To a structural engineer, a skyscraper is modelled as a large cantilever vertical column. Each tower was 64 m square, standing 411 m above street level and 21 m below grade. This produces a height-to-width ratio of 6.8. The total weight of the structure was roughly 500,000 t, but wind load, rather than the gravity load, dominated the design. The building is a huge sail that must resist a 225 km/h hurricane. It was designed to resist a wind load of 2 kPa—a total of lateral load of 5,000 t.
In order to make each tower capable of withstanding this wind load, the architects selected a lightweight “perimeter tube” design consisting of 244 exterior columns of 36 cm square steel box section on 100 cm centers (see Figure 3). This permitted windows more than one-half meter wide. Inside this outer tube there was a 27 m × 40 m core, which was designed to support the weight of the tower. It also housed the elevators, the stairwells, and the mechanical risers and utilities. Web joists 80 cm tall connected the core to the perimeter at each story. Concrete slabs were poured over these joists to form the floors. In essence, the building is an egg-crate construction that is about 95 percent air, explaining why the rubble after the collapse was only a few stories high.

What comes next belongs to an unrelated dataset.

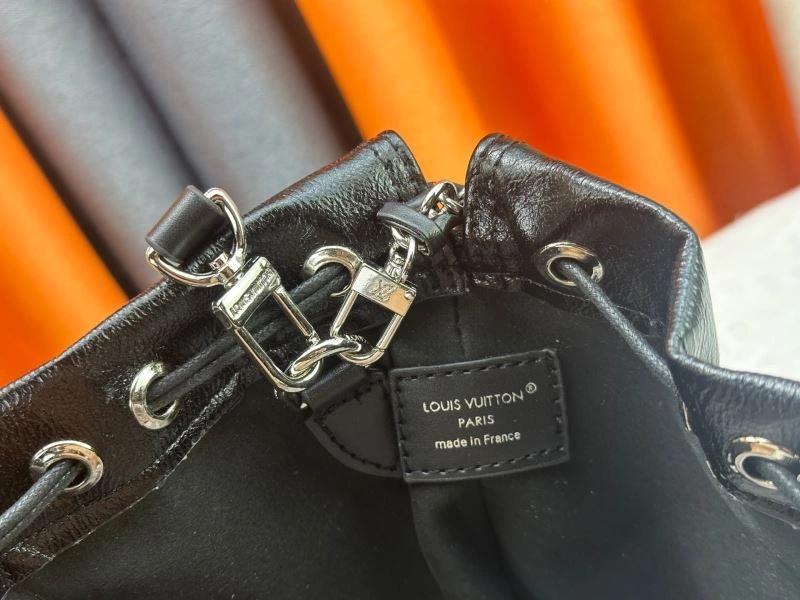 Breathable Louis Vuitton Bucket Bags 80494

As the heat of the fire intensified, the joints on the most severely burned floors gave way, causing the perimeter wall columns to bow outward and the floors above them to fall. The buildings collapsed within ten seconds, hitting bottom with an estimated speed of 200 km/h. Í
The egg-crate construction made a redundant structure (i.e., if one or two columns were lost, the loads would shift into adjacent columns and the building would remain standing). Prior to the World Trade Center with its lightweight perimeter tube design, most tall buildings contained huge columns on 5 m centers and contained massive amounts of masonry carrying some of the structural load. The WTC was primarily a lightweight steel structure; however, its 244 perimeter columns made it “one of the most redundant and one of the most resilient” skyscrapers."